We hope that a Palestinian state will exist peacefully alongside Israel. We do not attempt to minimalise[sic] their suffering nor the part played by the creation of the state of Israel.
As Robert Cohen points out, this is mealy-mouthed in the extreme. It’s not so much that Palestinian ‘suffering’ was exacerbated by the creation of the state of Israel, more that it was its direct and inevitable consequence. “How could the project of Jewish national return with Jewish majority control of the land ever have been achieved without the displacement of the majority people already living there? … the 1948 Nakba was Zionism in action”. A supporter of present-day Israel expressing sympathy for Palestinian suffering can’t help looking a bit like the Walrus weeping for the oysters.
Yet justice for one nation does not make justice for the other inherently wicked.

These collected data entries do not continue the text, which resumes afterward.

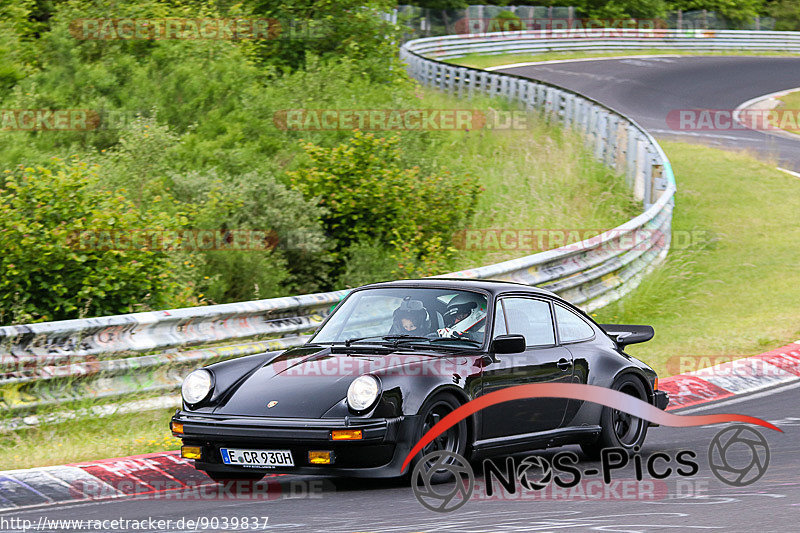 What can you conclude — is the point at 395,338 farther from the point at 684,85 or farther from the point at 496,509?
the point at 684,85

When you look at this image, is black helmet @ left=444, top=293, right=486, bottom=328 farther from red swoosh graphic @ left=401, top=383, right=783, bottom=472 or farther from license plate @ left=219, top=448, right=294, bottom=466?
license plate @ left=219, top=448, right=294, bottom=466

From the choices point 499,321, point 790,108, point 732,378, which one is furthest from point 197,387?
point 790,108

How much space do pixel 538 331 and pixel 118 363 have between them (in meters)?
3.33

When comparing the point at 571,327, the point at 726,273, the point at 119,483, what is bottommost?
the point at 726,273

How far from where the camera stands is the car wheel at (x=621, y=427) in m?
8.26

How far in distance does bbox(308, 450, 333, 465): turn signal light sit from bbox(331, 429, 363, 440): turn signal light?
11 centimetres

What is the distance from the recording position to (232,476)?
7.23 metres

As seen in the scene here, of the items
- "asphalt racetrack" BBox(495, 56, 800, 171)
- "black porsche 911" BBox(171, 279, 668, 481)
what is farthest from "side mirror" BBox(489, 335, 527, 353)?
"asphalt racetrack" BBox(495, 56, 800, 171)

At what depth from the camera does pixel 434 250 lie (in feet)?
53.1

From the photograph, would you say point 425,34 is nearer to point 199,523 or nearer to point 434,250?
point 434,250

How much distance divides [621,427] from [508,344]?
150cm

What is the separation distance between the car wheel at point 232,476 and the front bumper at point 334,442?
11.7 inches

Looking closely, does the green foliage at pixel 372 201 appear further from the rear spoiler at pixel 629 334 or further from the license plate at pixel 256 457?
the license plate at pixel 256 457

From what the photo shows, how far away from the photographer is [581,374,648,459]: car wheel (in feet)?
27.1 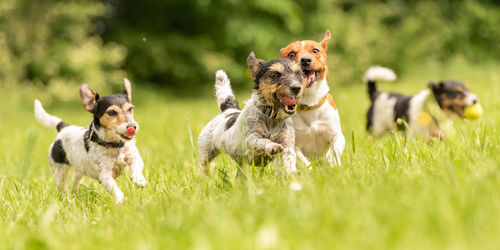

Indeed, and quite the contrary – justice for one is justice for all; justice for the people of Palestine must necessarily mean justice for the people of Israel. Similarly, justice for the poor can only come through justice for the rich. To say that you’ve had justice doesn’t necessarily mean that you’ve received – or kept – what you wanted, though. But this doesn’t seem to be the idea of justice that the authors have in mind. Rather, the suggestion seems to be that people who have repeatedly seen their land confiscated, their leaders assassinated, their towns demolished and their children imprisoned nevertheless still owe something to the state that’s done all this, and that it’s only fair to keep them waiting for justice until they’ve delivered it. Again, it’s hard to identify with this position. If ‘position’ is the word.